Described by The New York Times as the “Master of all he surveys,” Behzod Abduraimov will perform most of his December 10th Carnegie Hall solo recital for audiences via broadcast on April 1st. In this concert, two master composers tell compelling musical stories. Debussy’s gentle miniatures are tender reflections on childhood. And Mussorgsky’s “Pictures at the Exhibition” brings painting of Mussorgsky’s friend to life.
Children’s Corner L.113 – Debussy
Pictures at an Exhibition – Mussorgsky
Behzod remarked on how he developed the repertoire for the solo recital: “I built this program on miniatures, beginning with a kaleidoscope of all kinds of human emotions.
Opening the concert are Debussy’s gentle miniatures. Known as tender reflections on childhood, Abduraimov commented: “Debussy’s charming set of 6 pieces, dedicated to his daughter, were not only meant to entertain her, but were to allow us to see the world through a child’s eyes. I see these pieces for adults to immerse themselves into the world of children with some nostalgia thrown in and, of course, a sense of humor.”
Mussorgsky’s “Pictures at the Exhibition” brings painting of Mussorgsky’s friend Viktor Hartmann to life. Abduraimov said, ”These pictures are highly imaginative and give the performer the freedom to basically create music in the actual pictures.”
Mussorgsky based his music on drawings and watercolors by Hartmann produced mostly during Hartmann’s travels abroad to Italy, France, Russia, Poland, and Ukraine. Today most of the pictures from Hartmann’s exhibition are lost which makes it fairly impossible to known exactly which of Hartmann’s works Mussorgsky referenced.

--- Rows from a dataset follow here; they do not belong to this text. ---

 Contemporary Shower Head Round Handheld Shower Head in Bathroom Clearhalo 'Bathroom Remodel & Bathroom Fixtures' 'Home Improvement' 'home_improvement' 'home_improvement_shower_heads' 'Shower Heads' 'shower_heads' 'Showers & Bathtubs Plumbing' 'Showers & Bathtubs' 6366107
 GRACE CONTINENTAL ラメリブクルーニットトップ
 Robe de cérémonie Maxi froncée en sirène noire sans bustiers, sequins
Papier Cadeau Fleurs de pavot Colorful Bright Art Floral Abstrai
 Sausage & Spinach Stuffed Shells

Called “the most perfectly accomplished pianist of his generation,” Behzod Abduraimov is current Artist-in-Residence at Park ICM and former student of Park ICM founder and Artistic Director Stanislav Ioudenitch. Behzod has soloed with leading orchestras worldwide such as the LA Philharmonic, London Symphony Orchestra, and prestigious conductors including Valery Gergiev, Vladimir Ashkenazy, Vasily Petrenko and others.

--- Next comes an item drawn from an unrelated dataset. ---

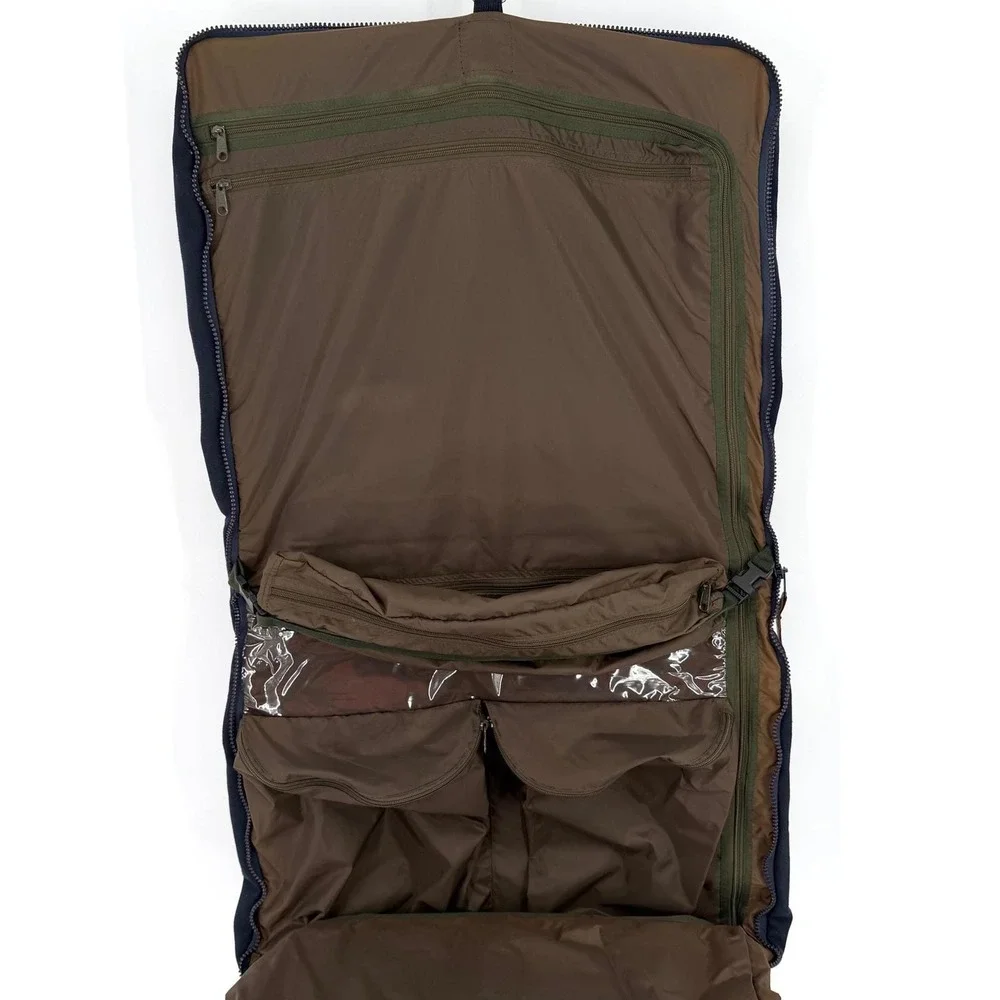 VTG 80s‎ G.H. Bass American Heritage Canvas Leather Garment Bag Complete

Following his debut success at Carnegie Hall in 2015, recent seasons have seen Abduraimov work with leading orchestras worldwide. An award-winning recording artist, he released his first concerto disc in 2014 on Decca Classics which features Prokofiev’s Piano Concerto No.3 and Tchaikovsky’s Concerto No.1 with the Orchestra Sinfonica Nazionale della Rai under Juraj Valčuha. His debut recital CD won both the Choc de Classica and the Diapason Découverte. Born in Tashkent, Uzbekistan, in 1990, Abduraimov began to play the piano at the age of five as a pupil of Tamara Popovich at Uspensky State Central Lyceum in Tashkent.